INSTRUCTIONS FOR THE TASK –
Keep only those lines of the records that include the string "from".

Content starts

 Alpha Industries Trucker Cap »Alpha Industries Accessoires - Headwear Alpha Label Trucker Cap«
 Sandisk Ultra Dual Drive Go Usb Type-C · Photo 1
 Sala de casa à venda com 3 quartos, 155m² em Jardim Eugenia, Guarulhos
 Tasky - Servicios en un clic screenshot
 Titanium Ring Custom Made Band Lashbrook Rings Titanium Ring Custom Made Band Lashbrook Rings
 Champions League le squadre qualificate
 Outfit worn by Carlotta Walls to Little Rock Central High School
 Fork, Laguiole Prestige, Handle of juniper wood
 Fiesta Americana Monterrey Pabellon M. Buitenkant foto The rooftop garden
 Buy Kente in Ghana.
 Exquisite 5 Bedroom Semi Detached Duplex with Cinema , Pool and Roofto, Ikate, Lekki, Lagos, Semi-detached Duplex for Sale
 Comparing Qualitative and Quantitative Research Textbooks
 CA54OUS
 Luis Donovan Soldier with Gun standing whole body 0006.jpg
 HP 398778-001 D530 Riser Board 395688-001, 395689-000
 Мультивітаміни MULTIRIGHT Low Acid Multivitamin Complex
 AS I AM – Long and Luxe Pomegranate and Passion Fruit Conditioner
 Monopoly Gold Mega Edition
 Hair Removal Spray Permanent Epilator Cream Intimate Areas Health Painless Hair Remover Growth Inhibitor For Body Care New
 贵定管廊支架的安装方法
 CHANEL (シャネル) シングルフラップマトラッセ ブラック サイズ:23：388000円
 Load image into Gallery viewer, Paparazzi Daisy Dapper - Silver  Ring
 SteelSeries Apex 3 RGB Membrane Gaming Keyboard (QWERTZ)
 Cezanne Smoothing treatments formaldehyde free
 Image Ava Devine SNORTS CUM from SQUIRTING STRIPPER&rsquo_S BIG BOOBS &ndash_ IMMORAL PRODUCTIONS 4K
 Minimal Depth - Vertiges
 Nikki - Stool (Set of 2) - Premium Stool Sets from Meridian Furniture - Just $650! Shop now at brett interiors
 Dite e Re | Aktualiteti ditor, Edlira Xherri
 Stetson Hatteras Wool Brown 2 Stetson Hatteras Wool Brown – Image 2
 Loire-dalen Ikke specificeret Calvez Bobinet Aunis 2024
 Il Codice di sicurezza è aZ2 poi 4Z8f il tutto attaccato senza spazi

Content ends

REPLY TO THE EXERCISE –
 Image Ava Devine SNORTS CUM from SQUIRTING STRIPPER&rsquo_S BIG BOOBS &ndash_ IMMORAL PRODUCTIONS 4K
 Nikki - Stool (Set of 2) - Premium Stool Sets from Meridian Furniture - Just $650! Shop now at brett interiors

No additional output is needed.